*** Block opens ***

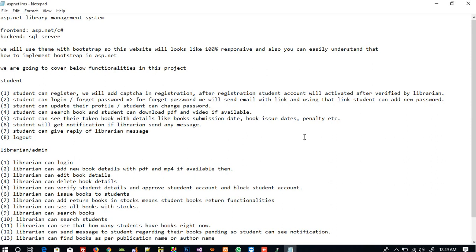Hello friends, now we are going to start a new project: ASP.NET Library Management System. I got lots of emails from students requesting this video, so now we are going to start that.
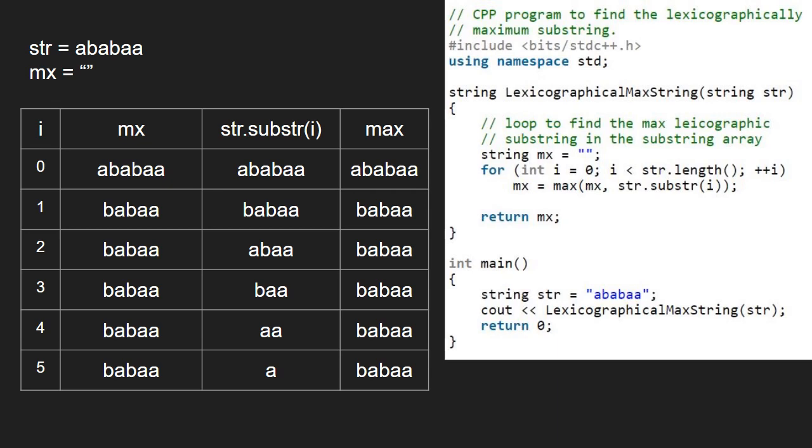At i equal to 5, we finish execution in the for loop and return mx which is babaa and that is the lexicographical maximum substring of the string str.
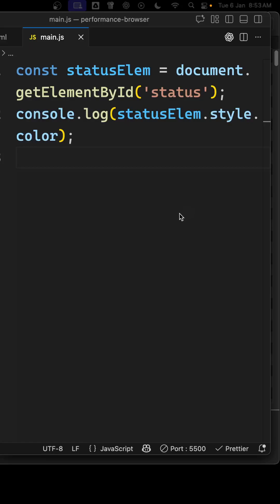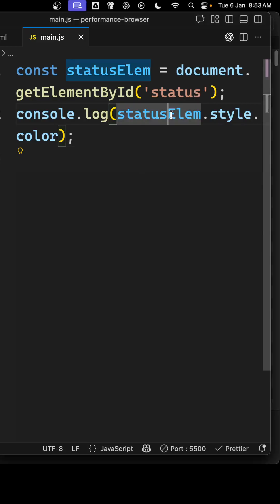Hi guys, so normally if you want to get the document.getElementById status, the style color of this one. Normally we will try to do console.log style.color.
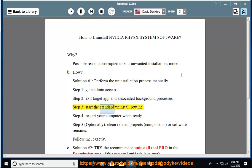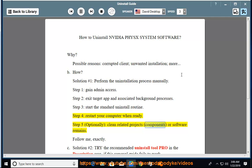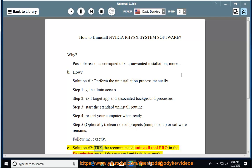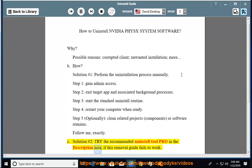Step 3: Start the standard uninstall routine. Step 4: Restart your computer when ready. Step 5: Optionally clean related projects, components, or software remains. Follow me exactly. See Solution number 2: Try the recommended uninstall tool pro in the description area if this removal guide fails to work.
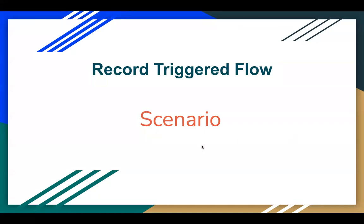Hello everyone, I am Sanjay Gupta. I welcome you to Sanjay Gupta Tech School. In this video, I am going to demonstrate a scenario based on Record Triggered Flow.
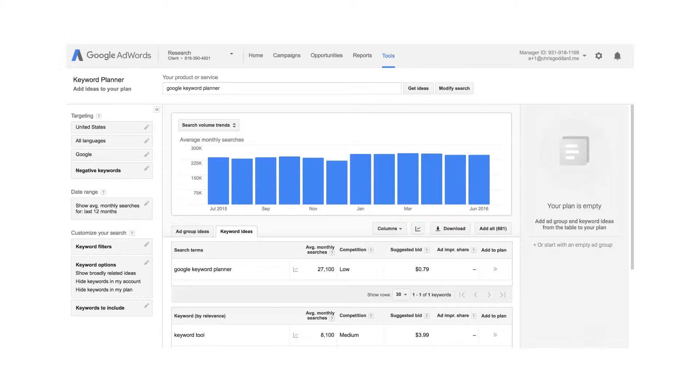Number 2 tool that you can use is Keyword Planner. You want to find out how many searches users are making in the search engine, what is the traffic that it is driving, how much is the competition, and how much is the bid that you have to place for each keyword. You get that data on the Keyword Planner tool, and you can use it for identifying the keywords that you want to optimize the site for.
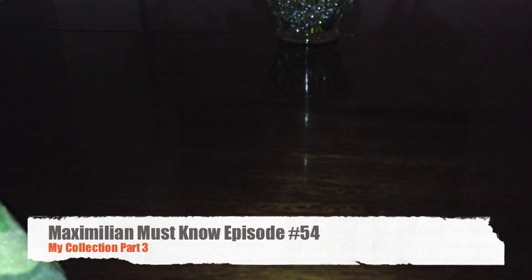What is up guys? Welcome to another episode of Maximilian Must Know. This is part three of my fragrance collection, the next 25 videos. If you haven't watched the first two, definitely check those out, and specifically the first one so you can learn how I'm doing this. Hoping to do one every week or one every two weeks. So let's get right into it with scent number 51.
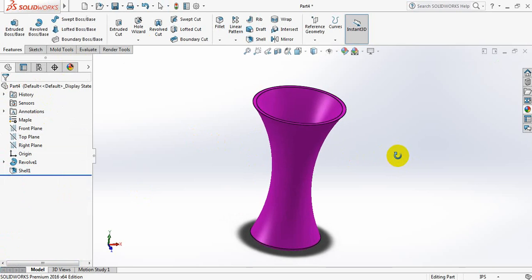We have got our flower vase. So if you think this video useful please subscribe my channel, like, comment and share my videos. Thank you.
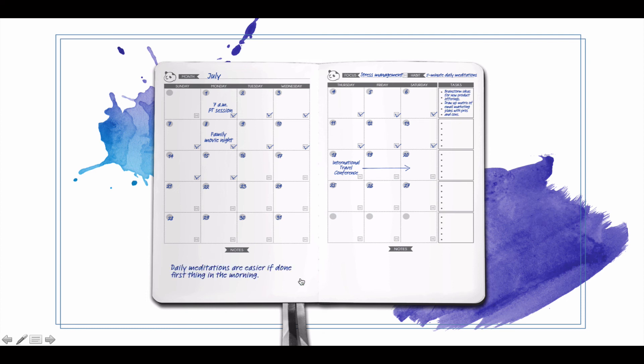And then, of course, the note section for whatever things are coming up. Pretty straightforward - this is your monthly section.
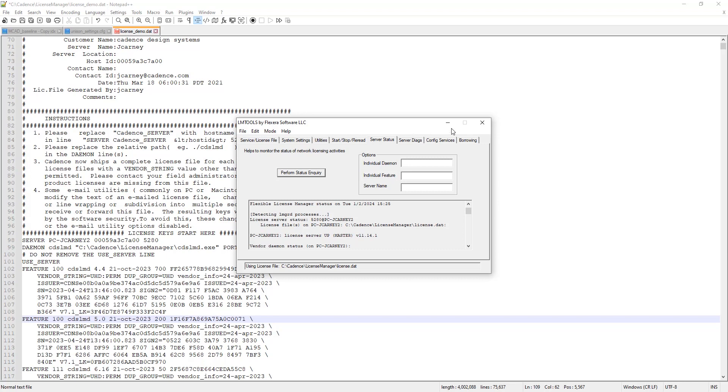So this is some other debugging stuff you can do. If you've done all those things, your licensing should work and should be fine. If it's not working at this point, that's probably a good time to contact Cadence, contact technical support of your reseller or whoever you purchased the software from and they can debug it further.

*** Block closes ***

▸ **HOW TO COMPLETE THIS TASK**
From the listing above, restate verbatim the lines running from the one with "Hello everyone, I" through the one with "And then, of", inclusive, but not the pictures.

▸ **PROBLEM SOLUTION**
Hello everyone, I am Sanjay Gupta. I welcome you to Sanjay Gupta Tech School. In this video, I am going to demonstrate a scenario based on Record Triggered Flow.
Number 2 tool that you can use is Keyword Planner. You want to find out how many searches users are making in the search engine, what is the traffic that it is driving, how much is the competition, and how much is the bid that you have to place for each keyword. You get that data on the Keyword Planner tool, and you can use it for identifying the keywords that you want to optimize the site for.
What is up guys? Welcome to another episode of Maximilian Must Know. This is part three of my fragrance collection, the next 25 videos. If you haven't watched the first two, definitely check those out, and specifically the first one so you can learn how I'm doing this. Hoping to do one every week or one every two weeks. So let's get right into it with scent number 51.
We have got our flower vase. So if you think this video useful please subscribe my channel, like, comment and share my videos. Thank you.
And then, of course, the note section for whatever things are coming up. Pretty straightforward - this is your monthly section.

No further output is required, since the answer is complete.